Carrie Soto makes her first appearance in Malibu Rising, but I was pleasantly surprised that her short (and unpleasant) involvement holds no real bearing on who she is when we meet her in this book. I think her personality and character made a lot of sense for a professional athlete who has always wanted to be the best. She’s called the Battle-Axe, and throughout the book it’s hinted that the nickname doesn’t only refer to her tennis game.
It was inspiring to watch Carrie’s journey through this book. Coming to realizations about herself and how both she and the world sees her was mesmerizing, and the message that was central to the story resonates clearly even today:
If you overcome obstacles to make things better for the people who come after you, you can’t resent them for not struggling as much as you did.
Carrie fought for women’s tennis. She made things better for someone like Nicki but then resents her accomplishments. It means so much to her that she comes out of retirement to fight for what she believes belongs to her.
In the opening line she states that her life’s work is her grand slam titles. At the time, that statement is true. She has almost no friends, no significant other, no children or hobbies. Carrie Soto is her tennis career, and six years after she retires, her legacy is being taken away from her.
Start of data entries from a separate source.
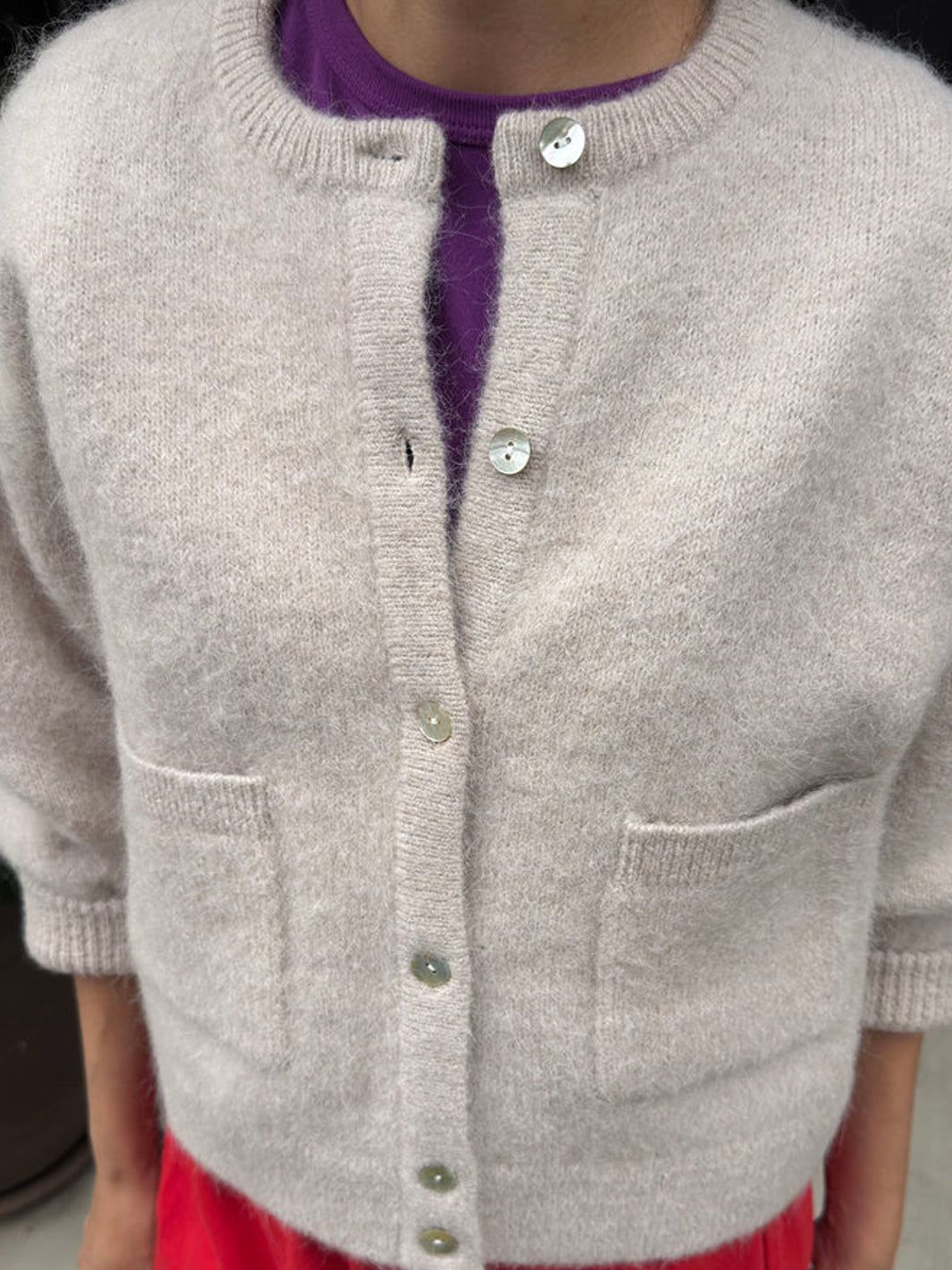 Close-up of the Amélie Alpaca Cardigan in Smoke, highlighting its shell buttons, front patch pockets and soft alpaca-wool texture | Twentyseven Toronto 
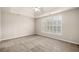 Spacious bedroom with neutral carpeting and a large window at 1545 Heritage Trl, Roswell, GA 30075
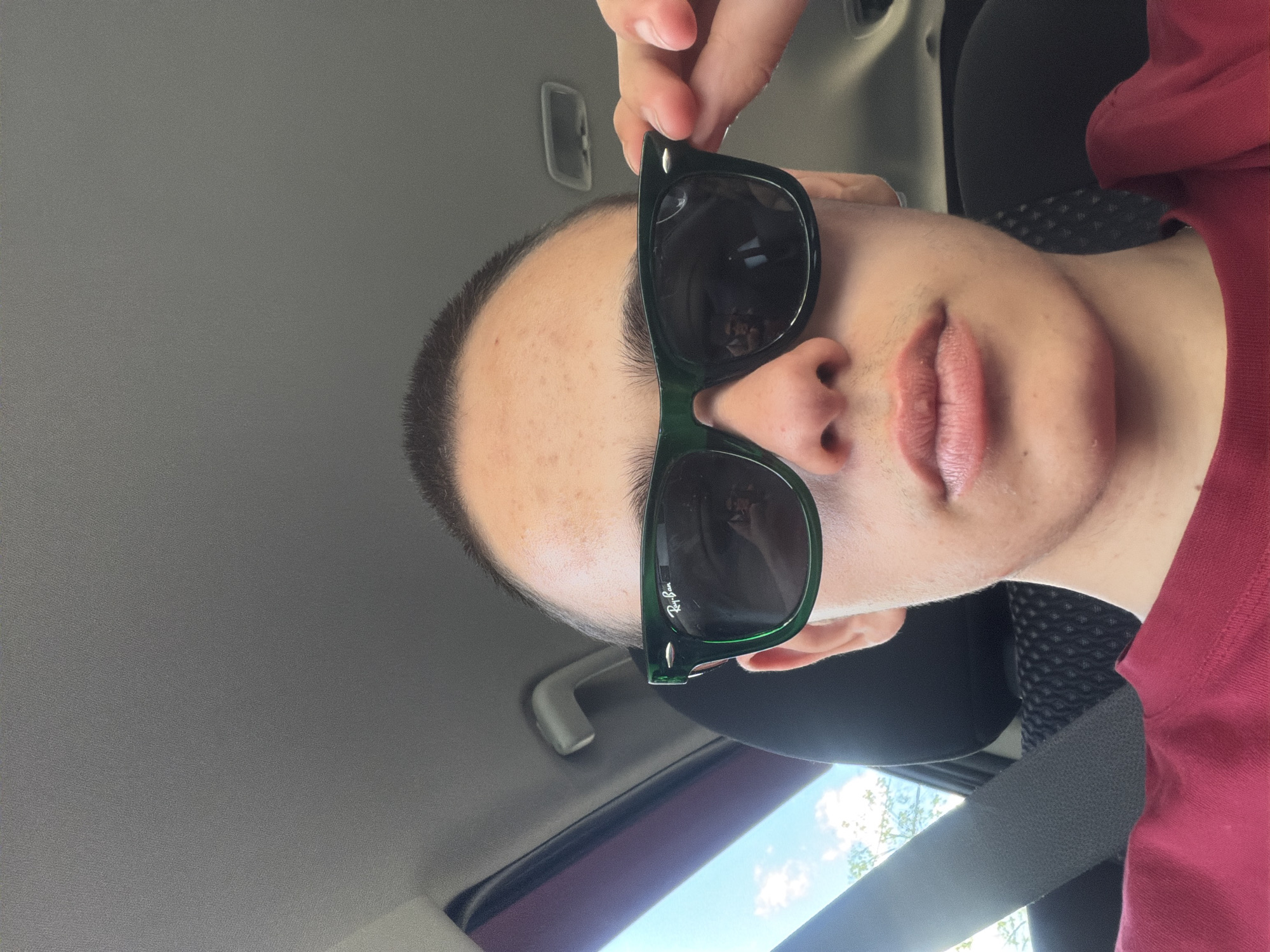 A young person with short hair and sunglasses is in the driver's seat of a car, looking at the camera. They are wearing a red shirt and have their hand on the side of their sunglasses. The car interior is visible, with a seatbelt and part of the dashboard. Outside the car, the sky is visible with some clouds.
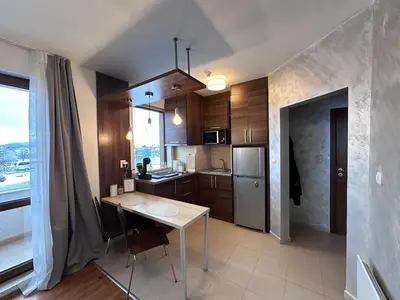 a kitchen with a table and a kitchen with a window at Host2U Belvedere Apartment - Ski in - out - FREE Parking in Bansko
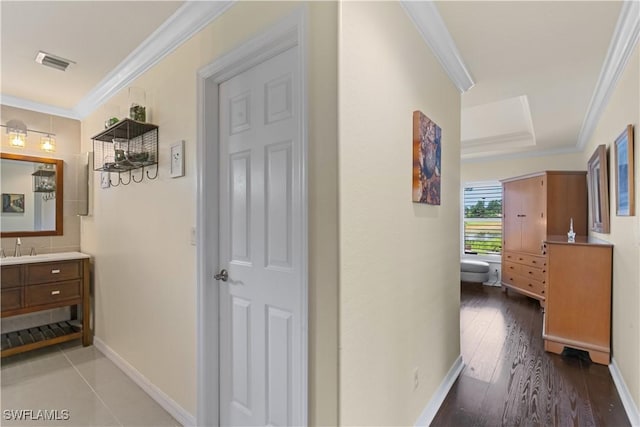 hallway featuring baseboards, visible vents, ornamental molding, wood-type flooring, and a raised ceiling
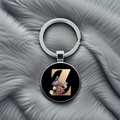 Detailed close-up of a metal keychain with a floral gold letter Z on a plush background - Letter Z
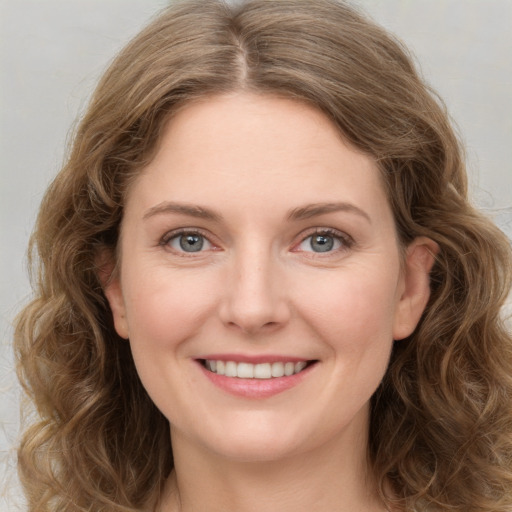 Joyful white young-adult female with long  brown hair and green eyes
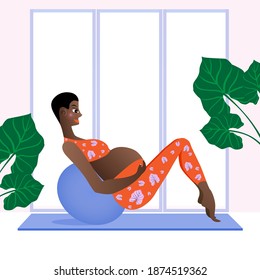 Pregnant woman exercise with the birthing ball to strengthen the stomach and back muscles, improve posture, and prepare the body for delivery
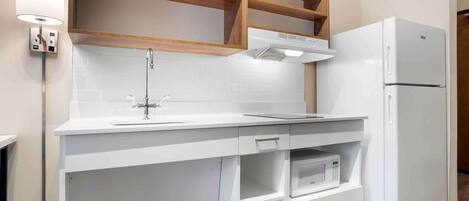 A modern kitchen with white cabinetry, a built-in microwave, and a white refrigerator.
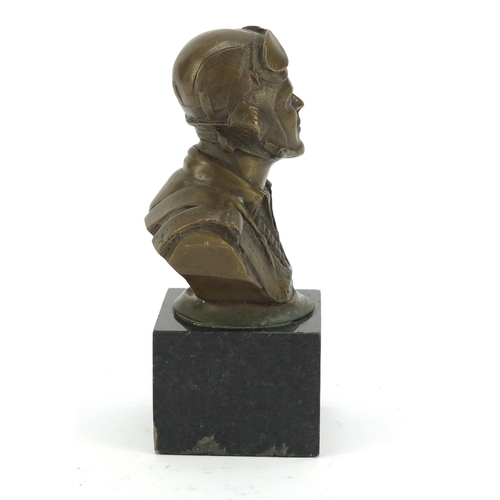 212 - Bronze bust of a World War I Pilot raised on a square black marble base, 13cm high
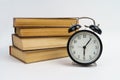 Books and an alarm clock lie on a white background Royalty Free Stock Photo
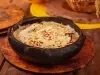 Em cima de uma mesa, há um refratário redondo queijo gratinado por cima.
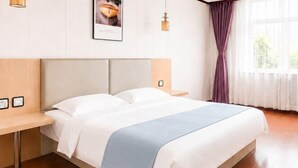 Una habitación de hotel con cama, mesitas de noche, una ventana con cortinas e iluminación en la pared.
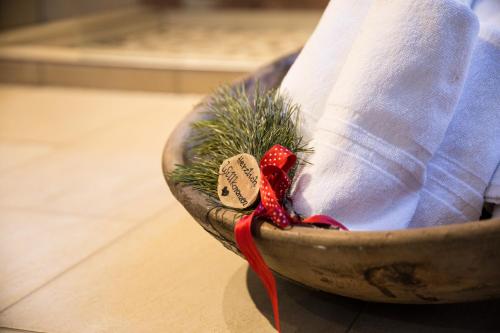 a person is sitting in a bowl with a christmas tree at Buxgarten Ferienhof in Oetz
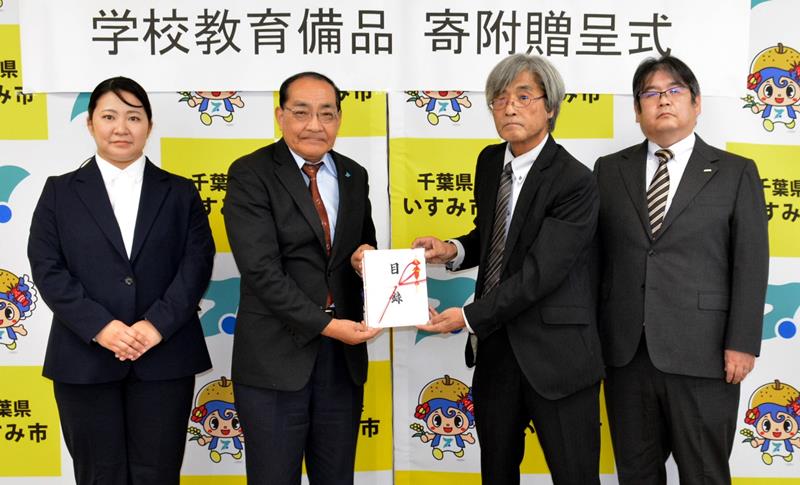 神保電器から学校教育備品寄付の目録を受け取る太田市長（左から２人目）＝いすみ市役所
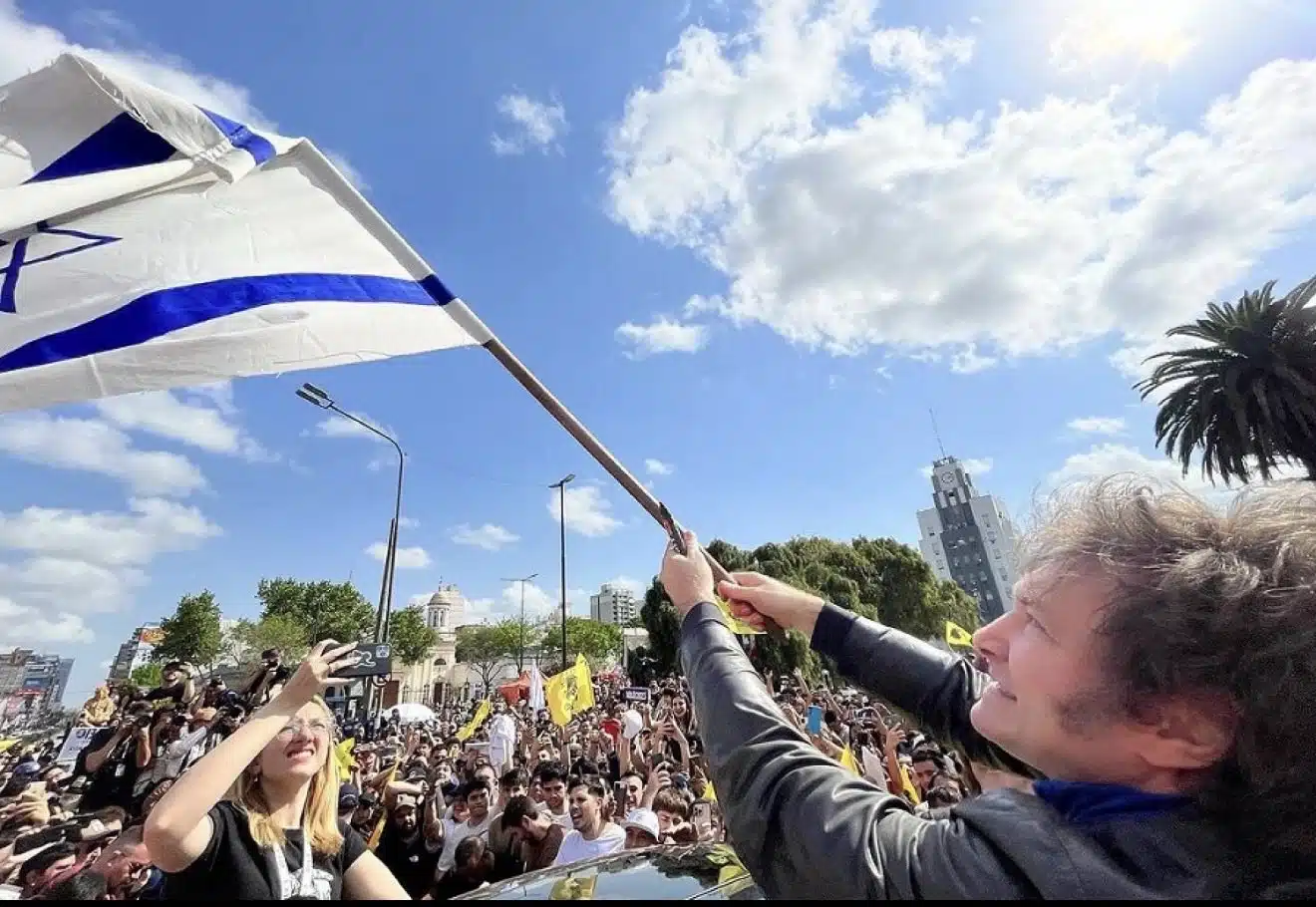 Argentine President Javier Milei waves an Israeli flag during a public rally in Argentina.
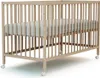 A wooden baby crib with a mattress inside, shown from a slightly elevated side angle. Anteprima dell’immagine prodotto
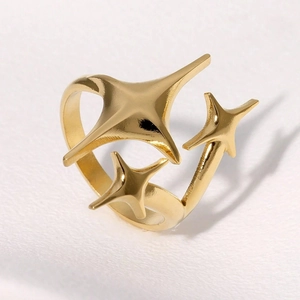 Gold stainless steel open ring featuring three minimalist 3D star charms on white background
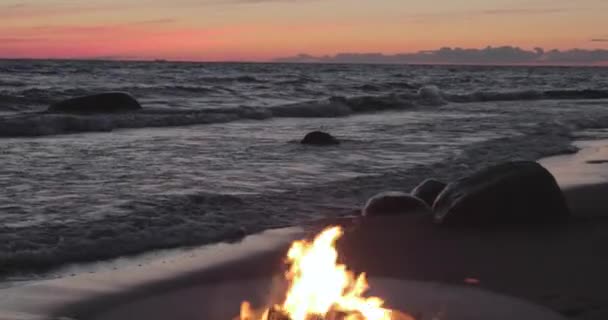 A paisagem do belo metal em volta de uma lareira na costa arenosa com uma onda de maré ao pôr do sol, pedras, tranquilidade, o sol cai, lenha, carvões vermelhos, ninguém — Vídeo de Stock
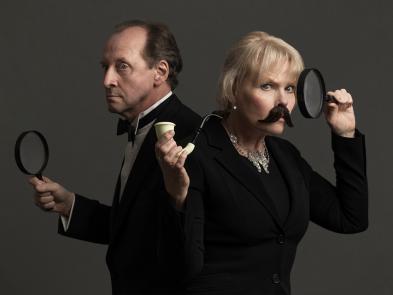 A man and a woman dressed in dark suits hold magnifying glasses and a pipe. The woman has a moutache.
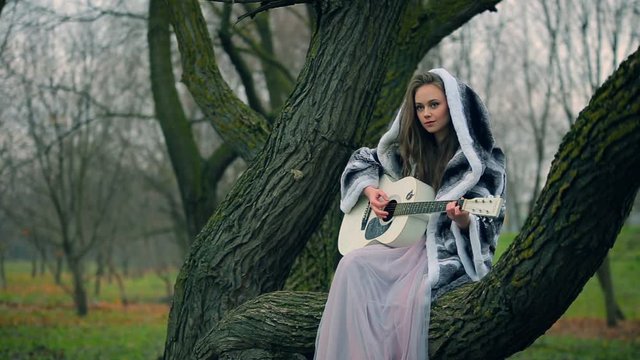 Caucasian teen girl pays guitar sitting on a tree in fairytale forest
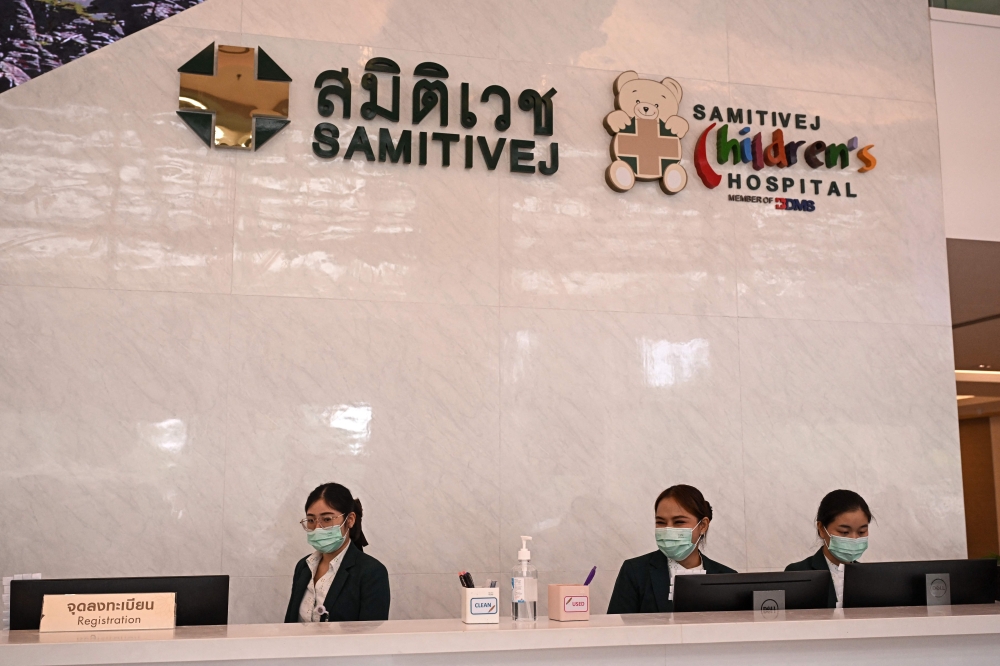 Receptionists stand behind a counter at Samitivej hospital, where some people injured when the Singapore Airlines flight SQ321 suffered severe turbulence mid-flight are receiving medical treatment, in Bangkok on May 23, 2024. Photo by Lillian SUWANRUMPHA / AFP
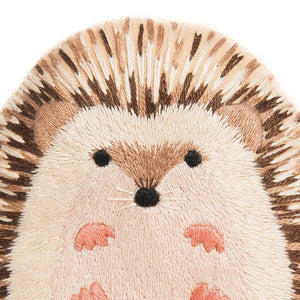 Close-up of a plush embroidered hedgehog face and upper body, featuring cream and brown threads for fur and spikes, black eyes and nose, and pink paw pads on a white background.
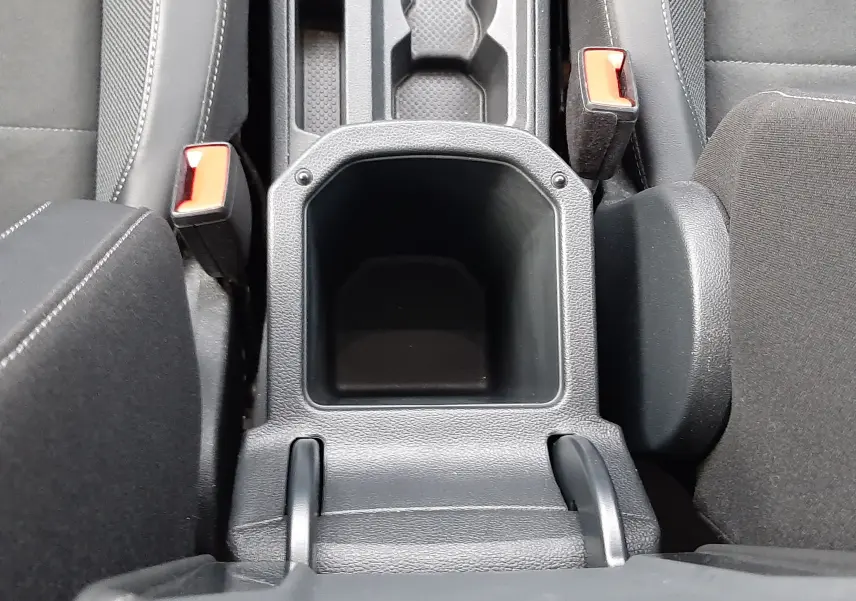 Vue plongeante sur l'accoudoir central noir et la console entre les sièges avant du Volkswagen T-Roc gris Pyrite 2023.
The message is so universal, as we all get older and recognize that our achievements can be overshadowed.
I think it’s pretty clear by the end that she has changed her tune on at least some of this, and the smile that she gives Nicki in the last moments is such an amazing piece of her story. The acceptance that someone is better than her, but also the determination to help her become even better. To me, that smile said, “If I can’t be the best, I’m going to make sure you are.”
It’s been a while since I actually read this book, but there are moments that I think about quite often, including one of the most important, when Carrie says that she’s finally free from being the world’s best tennis player, and she can now be something else. I tell you what, TJR has my number. I love her work so much, and I cannot wait until she releases something new.
- What do you think the main reason for Carrie coming out of retirement was?
- Do you think Carrie deserved some of her bad press? What was your first impression of her? (either in this book, or in Malibu Rising)
- What do you think Javier means when he says, “Good is the enemy of great”?
- What similarities and differences did you see between Carrie and Nicki, and what was your opinion of Nicki after she met with Carrie?
I can’t wait to see what you have to say!